2. The yellowing-resistant holographic polymer-dispersed liquid crystal composition according to claim 1, characterized in that, The first acrylate monomer is selected from one or more of the following: isoborneol methacrylate, adamantane acrylate, adamantane methacrylate, isoborneol acrylate, cyclohexyl acrylate, 3,4-epoxycyclohexyl methyl acrylate, dicyclopentyl acrylate, 3,3,5-trimethylcyclohexyl acrylate, lauryl acrylate, myristyl acrylate, cetearyl acrylate, behenyl acrylate, octadecyl acrylate, and lauryl methacrylate.
3. The yellowing-resistant holographic polymer-dispersed liquid crystal composition according to claim 1, characterized in that, The second acrylate monomer is selected from one or more of ethylene glycol dimethacrylate, ethoxylated bisphenol A dimethacrylate, 1,3-butanediol dimethacrylate, tricyclodecanediethanol dimethacrylate, tripropylene glycol dimethacrylate, trimethylolpropane triacrylate, and pentaerythritol tetraacrylate.
4. The yellowing-resistant holographic polymer-dispersed liquid crystal composition according to claim 1, characterized in that, The liquid crystal is selected from one or more of E7, E48, BL087, BL038, TL213, MLC6882, and K15.

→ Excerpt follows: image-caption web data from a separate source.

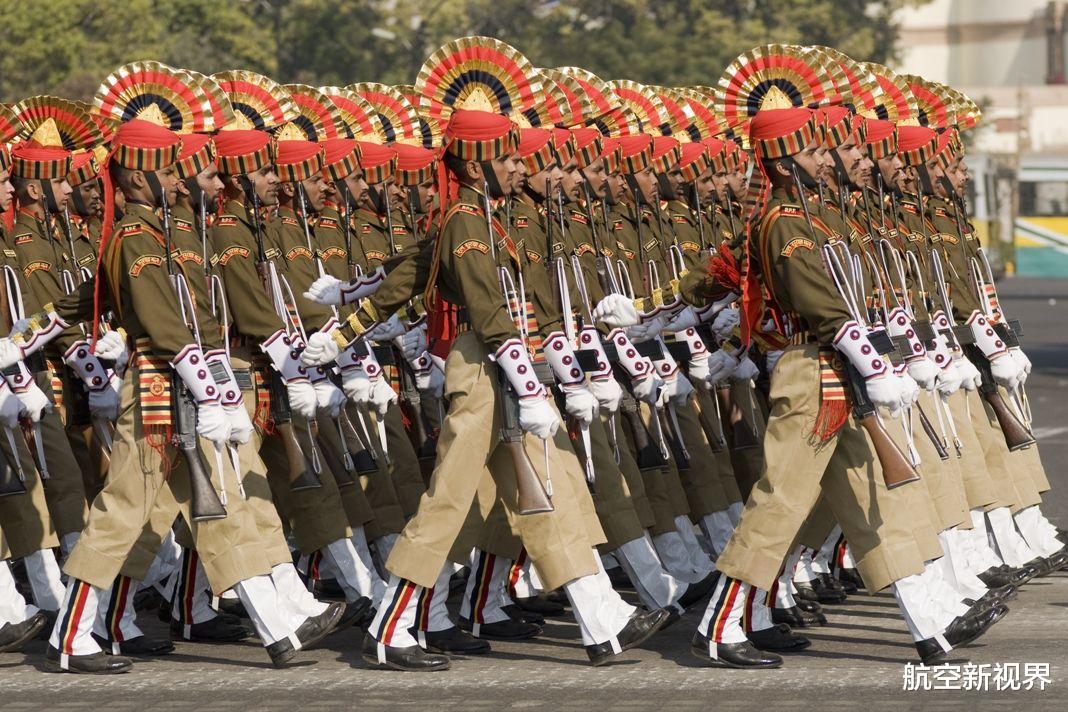 印度閱兵訓練緊鑼密鼓，150人感染新冠敲響警鐘，麻煩還在後頭-圖2
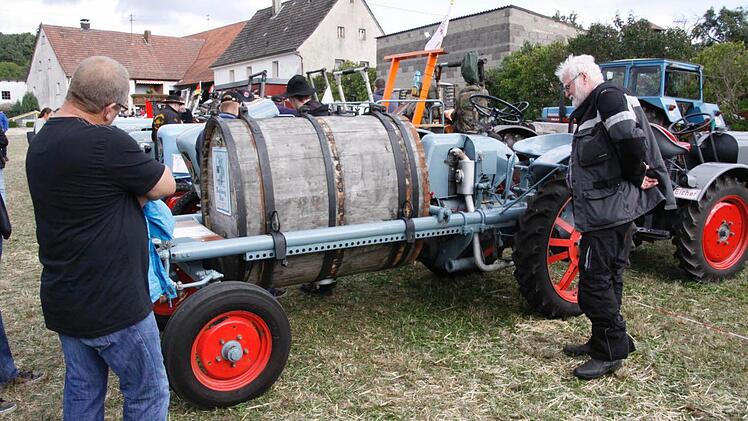 Ein Eicher-Lastenträger mit Bierfass. Foto: Löwisch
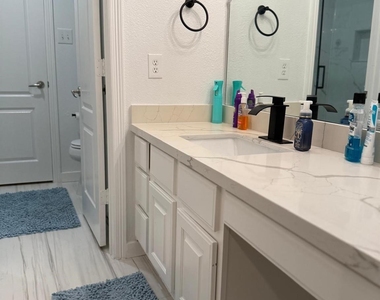 5615 Ashford Ridge Lane - Photo Thumbnail 31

5. The yellowing-resistant holographic polymer-dispersed liquid crystal composition according to claim 1, characterized in that, The initiator is selected from one of the following: Bengal rose red, diiodofluorescein, methylene blue, TPO, rhodamine 6G, 3,3'-carbonylbis(7-diethylaminocoumarin), and initiator 184.

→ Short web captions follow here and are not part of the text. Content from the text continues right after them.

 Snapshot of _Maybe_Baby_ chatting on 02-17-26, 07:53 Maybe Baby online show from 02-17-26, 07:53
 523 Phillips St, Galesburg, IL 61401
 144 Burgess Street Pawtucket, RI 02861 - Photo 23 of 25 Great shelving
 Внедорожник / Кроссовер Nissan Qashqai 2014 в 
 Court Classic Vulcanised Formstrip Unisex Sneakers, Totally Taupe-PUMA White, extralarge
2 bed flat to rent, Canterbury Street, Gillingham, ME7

6. The yellowing-resistant holographic polymer-dispersed liquid crystal composition according to claim 1, characterized in that, The co-initiator is selected from benzoyl peroxide and N-phenylglycine.
7. The yellowing-resistant holographic polymer-dispersed liquid crystal composition according to claim 1, characterized in that, The solvent is selected from one or more of acetone, xylene, n-hexane, propylene glycol methyl ether, propylene glycol methyl ether acetate, N-vinylpyrrolidone, chloroform, tetrahydrofuran, and toluene.
8. A yellowing-resistant holographic grating, characterized in that, The grating is prepared from the yellowing-resistant holographic polymer dispersed liquid crystal composition according to any one of claims 1 to 7.
9. A method for preparing a yellowing-resistant holographic grating as described in claim 8, characterized in that, The method includes the following steps: S1. Mix all components of the composition thoroughly; S2. Pour the mixed composition into the liquid crystal cell; S3. Place the composition filled into the liquid crystal cell in a dark room and let it stand. S4. Expose the composition filled into the liquid crystal cell in the interference light field of a dual-beam light source.
10. The method for preparing the yellowing-resistant holographic grating according to claim 9, characterized in that, The anti-yellowing additive and solvent in the composition are first mixed evenly by magnetic stirring, and then mixed evenly with other components in the composition using an ultrasonic dispersion device; and / or The thickness of the liquid crystal cell is 5±1μm; and / or The composition is allowed to stand in a dark room for 1-2 hours; and / or The included angle of the dual-beam light source is 35~60°; and / or The illumination power of the dual-beam light source is 5±1mW / cm². 2 ; and / or The exposure time of the composition in the interference light field is 1 to 5 minutes.